But here’s the deal: Life insurance has one job—to provide for your loved ones when you die. It’s not a way to build wealth. You’ve got way better options for both life insurance and investing that don’t involve whole life policies like variable life insurance. We’ll get to that in a bit.

2. What are the key risks of a variable life policy?

Typically, variable life insurance comes with more investment risk than other types of permanent life insurance policies. And just like with traditional investment options (mutual funds, index funds, etc.), there are dozens of risk levels.

While you have more options for your money with a variable life policy, they come at a steep price. Think about it. If the investment option you pick performs poorly, you’re the one who loses money, not the insurance company. Sound risky? It is.

Here’s a breakdown of what to watch out for:

  • Policy fees and expenses: Not only are there fees when you buy the policy—called introductory fees—but there are also ongoing fees that can increase over time. Here’s a quick list of what you’ll be dealing with if you buy a variable life policy: premium payments, surrender charges, and ongoing investment management and administrative fees. And don’t forget those charges reduce the value of your cash account.
  • Policy lapse: Insurance companies keep a close watch on how much money you have in your cash account. If you don’t have enough money to cover policy fees, your policy could lapse, and your coverage would be cancelled.
  • Risk of loss: Remember when we mentioned the phrase “no risk, no reward”? Here’s where that idea hits home. If the investments you pick don’t do well, you’ll likely lose money.
  • Insurance company risk: Since the insurance company that issues your variable life policy backs all guarantees, including the death benefit, it’s super important to pick the right insurance company. Make sure the one you pick has a solid history of financial strength.
  • Transaction fees: Every time you request a service, you get charged a transaction fee. So, think twice before you request a report or transfer or withdraw money. Each request is logged by the insurance company, and a transaction fee shows up on your monthly statement.

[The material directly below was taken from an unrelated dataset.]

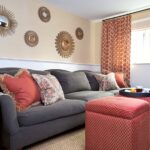 round decorations above the sofa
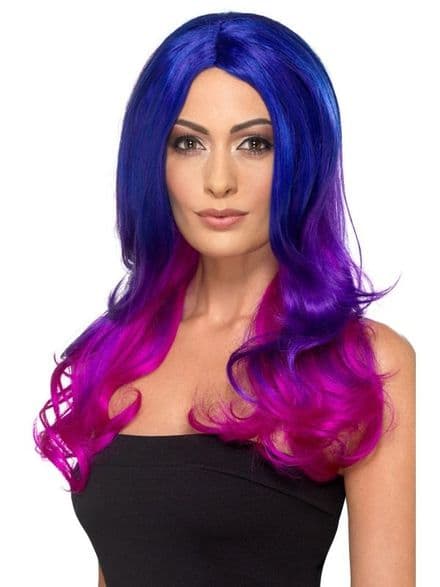 Fashion Ombre Wig in Blue/Purple/Pink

3. How does the death benefit work in a variable life policy?

The death benefit is the amount of money that goes to your beneficiaries when you die. When you buy a variable life policy, you select a face amount. This is the amount of your death benefit (like $500,000).

Every time you make a premium payment, part of your payment goes toward the cost of keeping the death benefit in place so it’s available to your beneficiaries. The other part of your premium goes to build the cash account.

Depending on the death-benefit option you chose when you bought the policy, your beneficiaries could also get the face amount plus the cash value of your account, or they could get the face amount plus the total of your premium payments.

Here’s an example.

Let’s say you paid $50,000 in premiums for a variable life policy over your lifetime. And your cash value account is worth $75,000. If the face amount of your policy is $500,000, your beneficiaries will receive one of the following, depending on which death-benefit option you picked:

  • Based on your face amount only: $500,000
  • Based on your face amount plus the cash value of your account: $575,000 ($500,000 + $75,000)
  • Based on your face amount plus your premium payments: $550,000 ($500,000 + $50,000)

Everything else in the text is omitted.